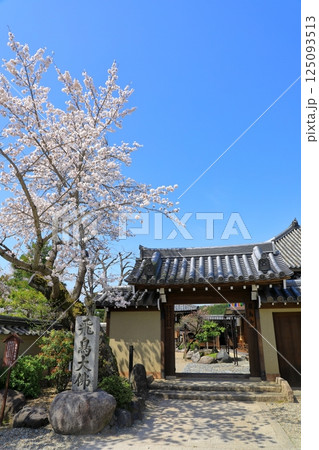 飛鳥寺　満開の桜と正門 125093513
--
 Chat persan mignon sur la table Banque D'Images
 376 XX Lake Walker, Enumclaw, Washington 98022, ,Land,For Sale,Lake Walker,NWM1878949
* * *
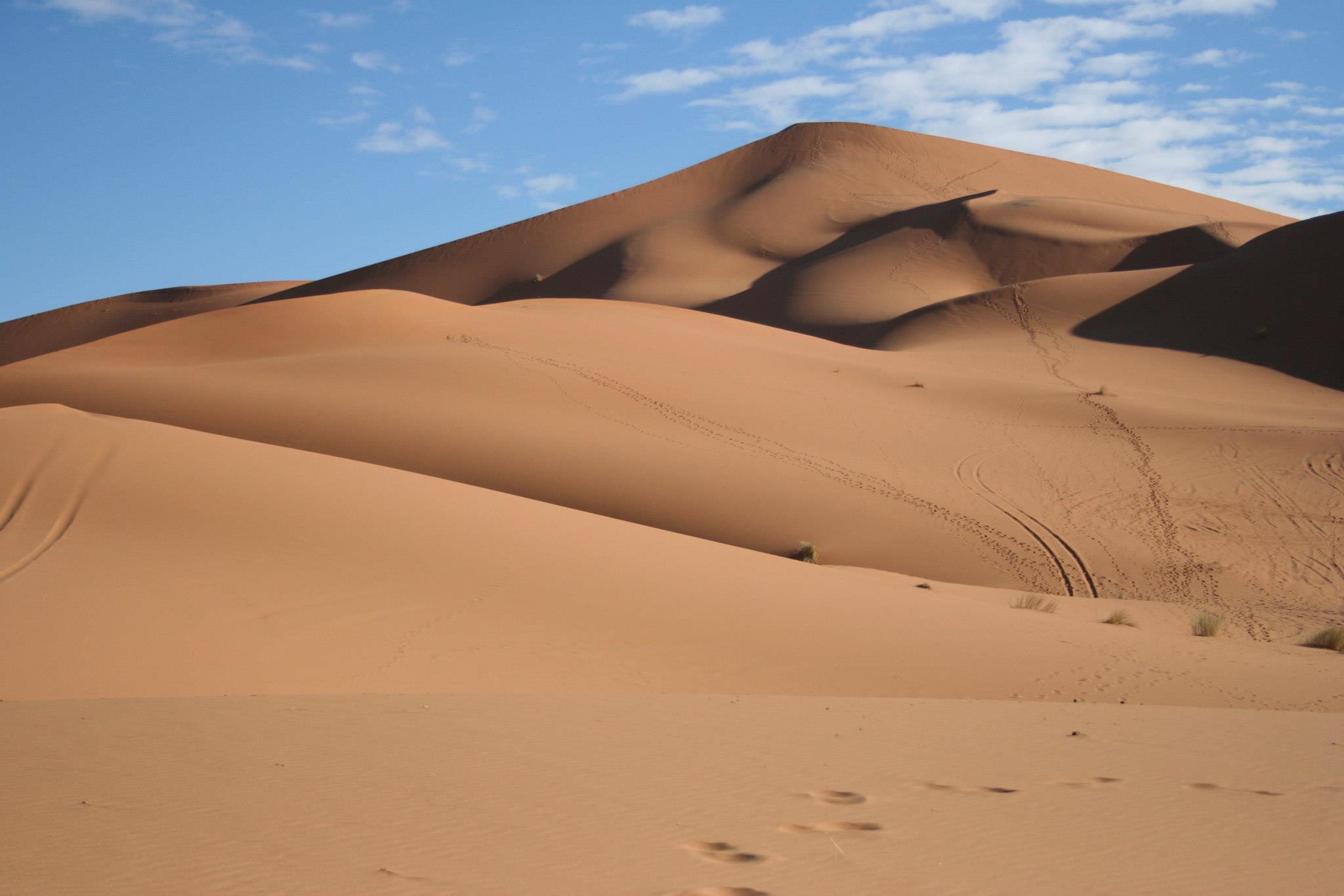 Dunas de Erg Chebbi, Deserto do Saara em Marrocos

» **Work to be completed**:
Every line above from the line with "Chat persan mignon" to the line with "376 XX Lake" is wanted, ends included; write them out exactly and add no other line.

» **Response area**:
 Chat persan mignon sur la table Banque D'Images
 376 XX Lake Walker, Enumclaw, Washington 98022, ,Land,For Sale,Lake Walker,NWM1878949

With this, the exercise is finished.